La discrimination en matière de logement locatif chez les Noirs sert aussi les intérêts de certains propriétaires. Dans le «Rapport sur la différence et l’accès des minorités au logement à Montréal», la chercheure en matière de discrimination de la Commission des droits des personnes, Mme Alberte Ledoyen note: «la discrimination des Noirs a une double fonction. D’un côté, elle justifie le refus de louer, mais de l’autre elle justifie le recrutement de locataires noirs dans des logements que les propriétaires ne veulent pas nécessairement entretenir». C’est ainsi que dans certains quartiers de Montréal, les locataires se refusent à toutes critiques ouvertes par crainte de voir s’ouvrir la porte de l’éviction. Originaire du Sénégal, Amédée Diouf en sait quelque chose. «Ma porte verrouille mal, sans parler des coquerelles et de la moisissure, confie-t-il sur le ton du secret dans le local du Comité Logement de Côte-des-Neiges, comme s’il craignait de se voir montrer la porte. En ce moment, rechercher un logement, c’est un calvaire. Comme je ne veux pas revivre cela, je ne fais pas trop de vagues...»

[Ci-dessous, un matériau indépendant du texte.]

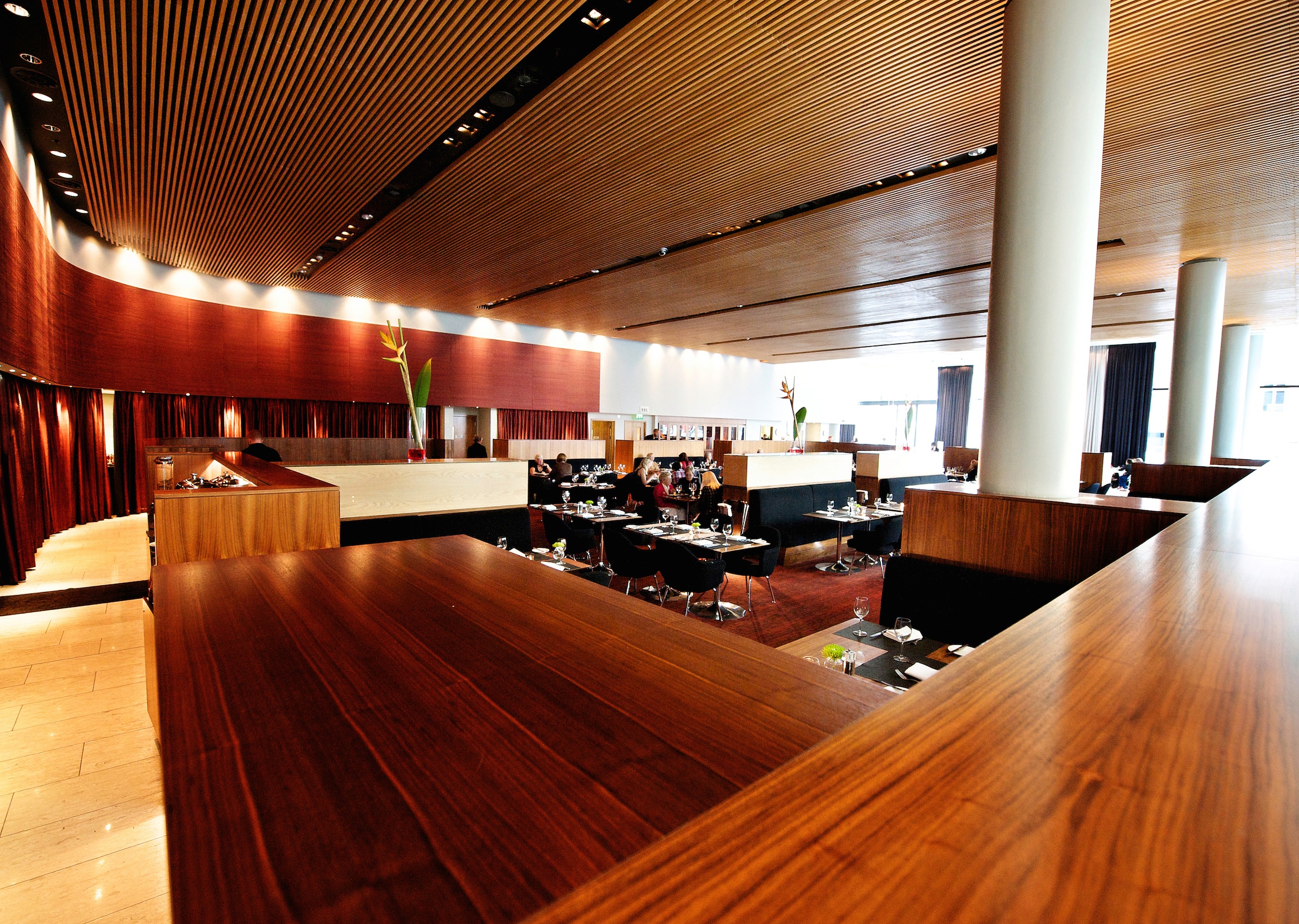 Podium Restaurant & Bar Lounge: modern dining space for corporate events and private gatherings.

Cette année, l’augmentation des loyers et le taux d’inoccupation de 1,1% laisseront encore sans aucun doute des milliers de personne à la rue au premier juillet, assure Denis Lévesque du Projet Genèse, un organisme qui aide les nouveaux arrivants à connaître leurs droits en matière de logement. «En période de crise du logement, la discrimination est amplifiée dans la mesure où les propriétaires peuvent être plus sélectifs et tombent dans la généralisation simpliste et facile». Ils se refusent donc de louer à des noirs parce qu’ils croient ne pas pouvoir être payés ou alors, « dans certains cas, quand les propriétaires octroient un logement à un locataire Africain ou Antillais, ils leur donnent l’impression que c’est une faveur.»
Piste de solution, un vaste mouvement communautaire tente de forcer la Régie du logement à élargir son champ de compétences au secteur inhérent à la recherche de logement. A l’heure actuelle, celle-ci n’intervient pas dans ce qui advient avant la signature du bail.

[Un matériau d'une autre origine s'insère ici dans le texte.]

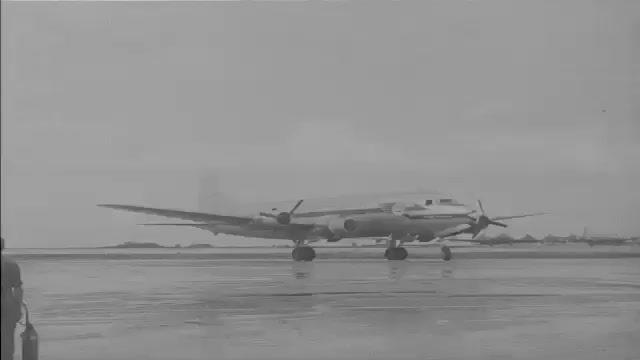1940s: Air Transport Command plane lands on runway. Two men in suits ...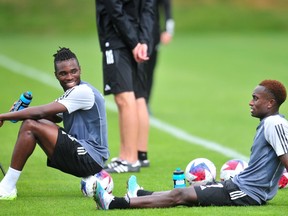 Sam Adekugbe and Richie Lareya, all smiles at practice.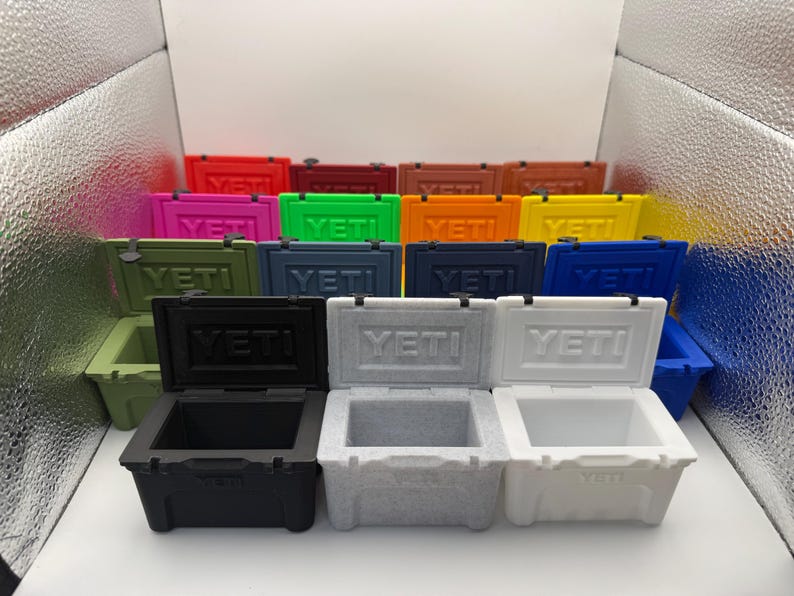 May include: A collection of colorful, small, insulated coolers. The coolers are in various colors, including red, pink, green, blue, black, and white. Each cooler has the brand name "YETI" on the front.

Certains audacieux relèvent le défi à leur façon. Armand Épé, ce néo-québécois d’origine camerounaise a pris, lui, les grands moyens pour modifier les préjugés du concierge de l’établissement où il est aménagé. Un souper camerounais, une invitation à découvrir la musique camerounaise et plusieurs discussions en sont finalement venu à bout. Grâce à l’attitude du Camerounais, le concierge loge maintenant plusieurs Africains et Antillais. Pour M. Épé, c’est dans la déconstruction active des préjugés que réside un vivre-ensemble viable: «il faut que les gouvernements bougent en ce sens mais nous devons montrer le chemin déjà entre voisins». M. Épé appelle tous les Québécois de toutes origines à adopter le mode actif en matière de sensibilisation «parce que cette situation est intolérable en 2004», ont déploré conjointement le néo-québécois et le concierge de l’établissement.